It’s been a while since I’ve posted anything as I’ve spent my summer in a thesis related haze, which I’m starting to come out of now so expect more frequent updates - particularly as I work my way through the backlog of ideas I’ve been meaning to write about.
I’ll start with assessing Predictaball’s performance last season. Just to summarise, this was a classification task attempting to predict the outcome (W/L/D) of every premier league match from the end of September onwards. This was based on each team’s form across the last 5 matches, in terms of the number of wins, draws, and losses. The classification model was an ensemble evolved using an Evolutionary Algorithm approach that I developed during my PhD.
Predictions were tweeted each week, along with a summary of the previous week’s performance. However there were a few teething issues, such as having to manually update the fixtures database when these were modified, as I wasn’t aware that fixtures could be changed midway through a season. If I didn’t update the database in time then the classifier wasn’t able to predict those matches, which occurred every now and then, particularly during a 3 week stretch when I was away at a conference.
The aim of Predictaball was two-fold: 1. Apply an academic classification algorithm to a real world dataset 2. Establish whether it’s possible to produce human competitive predictive models.
To assess the extent to which I’ve met goal two, I’ll compare Predictaball’s accuracy to that from two professional pundits - Mark ‘Lawro’ Lawrenson and Paul Merson.
Since Predictaball predicts based on the previous 5 matches, I’ve collated the results of Predictaball across the remaining 33 weeks of the season to total 330 matches. The total accuracy over this period is 48%. This value isn’t too bad for a classifier passed very little data, however I am confident I can improve upon this score this season by 2 ways: 1. Incorporating more data to explain the outcomes, such as whether key players are injured, record against the specific team, and so on 2. Using a more thorough model selection process, with a wider sweep of learning algorithms and associated hyper parameters
Out of these I expect #1 to result in by far the most significant improvement in accuracy, the primary challenge with machine learning is manipulating the data in such a way to explain the relationship best, rather than tweaking the specific choice of learning algorithm.

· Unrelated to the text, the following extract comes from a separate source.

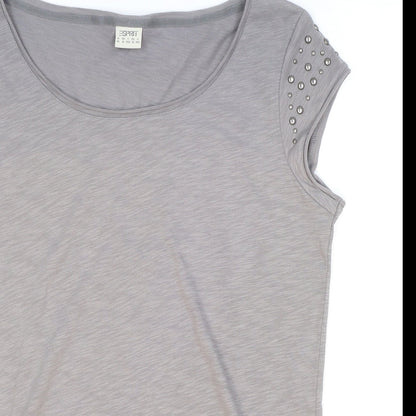 Esprit Womens Grey Cotton Basic T-Shirt Size XL Round Neck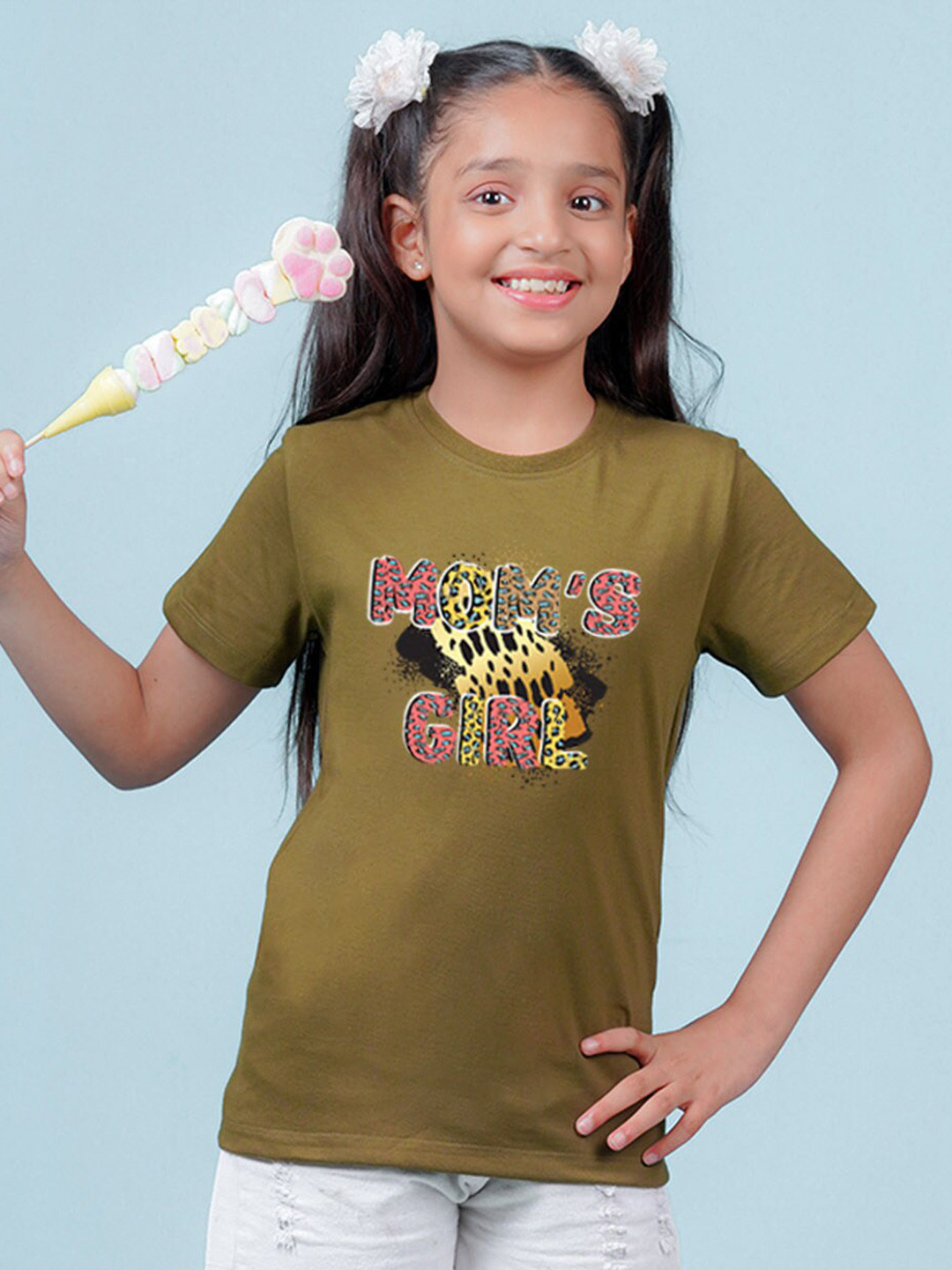 

NUSYL Girls Typography Printed Round Neck Casual T-shirt, Green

Similarly to how optimising your algorithms and data structures can provide far more significants speed ups than achieved by converting all your code to a lower level language, it’s better to ensure you have the best data available when modeling.
I’m curious to see whether Predictaball got more accurate over the course of the season, as teams settled into their average form. The figure below plots accuracy against time.
There’s a clear upwards trend until March, indicating that yes, matches do become more predictaball once new signings settle in and teams adjust to the new level of competition. After March however, the accuracy starts to drop off. This could be indicative of teams which are safe and not pushing for Europe taking their foot off the gas. In addition, owing to the afore-mentioned issues with the changing fixtures, I’ve got fewer data points from April and May and so these monthly averages are more subject to variance.
To provide an estimate of how useful Predictaball is, I’ve compared its results to those from professional ex-footballer pundits, Lawro and Paul Merson, selected for their prominence as pundits. I couldn’t find predictions from Paul Merson for 8 midweek games, and so have removed these from the overall comparison resulting in 322 matches which I have predictions and the actual results for all 3 pundits. The results are show below.
Amazingly, Lawro recorded an accuracy of 72%, far surpassing both Predictaball and Merson. This is an incredibly high accuracy, far more than I’ve seen before both in my automated training methods and also informally from other experts. It’s frustrating that I’m unable to beat Lawro as well, however the difference is relatively small and I’m confident I can beat him this year provided he doesn’t drastically improve his score.
My aim for next season then is to achieve an accuracy of ~55%, or to beat Merson at the very least. Approaching this from an algorithmic perspective would involve tweaking a boosting algorithm to squeeze every inch of value from each variable, however I believe the most predictive power to lie in the choice of data variables themselves rather than the classification model. To this end I’m going to try experimenting with different predictors until I find a set which best captures the underlying relationship.
Similarly to providing more explanatory factors, I’ll try modeling the temporal element of the football season to provide an additional dimension to the model. This would be achieved by using recurrent networks, the specific architecture is TBC.
However I am aware that the intrinsic noise component of the error from classifying football matches is very large, and so the optimal classifier would be far from 100% accurate.
Another issue this season was caused by fixtures changing; I naively assumed that the fixtures listed at the start of the season would stay the same the full way through. This year I’ll take that into account to build a more robust system which automatically searches for changes to the schedule.
I’ll also implement a thorough nested cross-validation system for both model selection and model evaluation, so that I can simply compare between candidate classifiers and obtain an estimate of their predictive power.